> TASK TO CARRY OUT
I'd like the line containing "Guldarmband med orange" and each line that follows, through the last line of the material, set down exactly as they are, and no others.

> DATA SHOWN
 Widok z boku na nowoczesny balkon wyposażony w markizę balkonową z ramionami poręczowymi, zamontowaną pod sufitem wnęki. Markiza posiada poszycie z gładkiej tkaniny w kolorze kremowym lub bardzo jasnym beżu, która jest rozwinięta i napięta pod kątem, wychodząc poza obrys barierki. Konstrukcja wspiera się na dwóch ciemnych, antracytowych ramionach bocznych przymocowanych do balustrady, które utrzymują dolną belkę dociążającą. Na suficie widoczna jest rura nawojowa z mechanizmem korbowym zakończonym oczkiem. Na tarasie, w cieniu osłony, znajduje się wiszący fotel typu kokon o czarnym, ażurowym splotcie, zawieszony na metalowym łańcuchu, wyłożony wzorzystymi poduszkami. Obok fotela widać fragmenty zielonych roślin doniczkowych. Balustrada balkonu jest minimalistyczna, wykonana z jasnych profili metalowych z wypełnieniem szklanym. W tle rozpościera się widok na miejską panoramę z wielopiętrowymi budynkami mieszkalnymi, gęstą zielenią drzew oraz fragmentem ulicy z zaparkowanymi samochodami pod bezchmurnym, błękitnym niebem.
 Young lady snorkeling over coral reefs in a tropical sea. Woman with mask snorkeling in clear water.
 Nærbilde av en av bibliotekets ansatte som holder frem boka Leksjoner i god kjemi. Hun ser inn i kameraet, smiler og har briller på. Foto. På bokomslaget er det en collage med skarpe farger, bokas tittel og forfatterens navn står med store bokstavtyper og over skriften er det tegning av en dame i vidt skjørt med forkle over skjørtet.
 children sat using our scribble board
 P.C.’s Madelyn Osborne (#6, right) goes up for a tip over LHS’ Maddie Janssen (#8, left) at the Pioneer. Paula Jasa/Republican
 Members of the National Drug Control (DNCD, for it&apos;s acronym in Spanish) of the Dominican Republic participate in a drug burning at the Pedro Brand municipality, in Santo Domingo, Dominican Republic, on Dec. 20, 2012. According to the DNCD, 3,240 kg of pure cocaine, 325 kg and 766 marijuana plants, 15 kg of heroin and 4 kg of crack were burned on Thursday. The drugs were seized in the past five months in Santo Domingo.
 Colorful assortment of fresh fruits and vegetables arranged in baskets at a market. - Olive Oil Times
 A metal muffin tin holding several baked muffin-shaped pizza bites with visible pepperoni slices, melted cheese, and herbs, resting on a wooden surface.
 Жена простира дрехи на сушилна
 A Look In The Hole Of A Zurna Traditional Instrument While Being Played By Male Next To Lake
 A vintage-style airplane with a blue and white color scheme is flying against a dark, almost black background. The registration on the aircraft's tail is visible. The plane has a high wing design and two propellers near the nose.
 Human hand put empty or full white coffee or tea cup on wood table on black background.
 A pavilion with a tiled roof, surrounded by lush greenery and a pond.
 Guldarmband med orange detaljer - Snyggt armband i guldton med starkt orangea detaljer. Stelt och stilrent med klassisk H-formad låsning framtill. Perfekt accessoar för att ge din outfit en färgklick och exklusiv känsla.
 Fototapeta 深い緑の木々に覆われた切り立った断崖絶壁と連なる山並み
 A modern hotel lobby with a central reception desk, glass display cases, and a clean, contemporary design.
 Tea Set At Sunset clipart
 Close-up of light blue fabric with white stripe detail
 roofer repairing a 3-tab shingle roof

> RESULT OF THIS TASK
 Guldarmband med orange detaljer - Snyggt armband i guldton med starkt orangea detaljer. Stelt och stilrent med klassisk H-formad låsning framtill. Perfekt accessoar för att ge din outfit en färgklick och exklusiv känsla.
 Fototapeta 深い緑の木々に覆われた切り立った断崖絶壁と連なる山並み
 A modern hotel lobby with a central reception desk, glass display cases, and a clean, contemporary design.
 Tea Set At Sunset clipart
 Close-up of light blue fabric with white stripe detail
 roofer repairing a 3-tab shingle roof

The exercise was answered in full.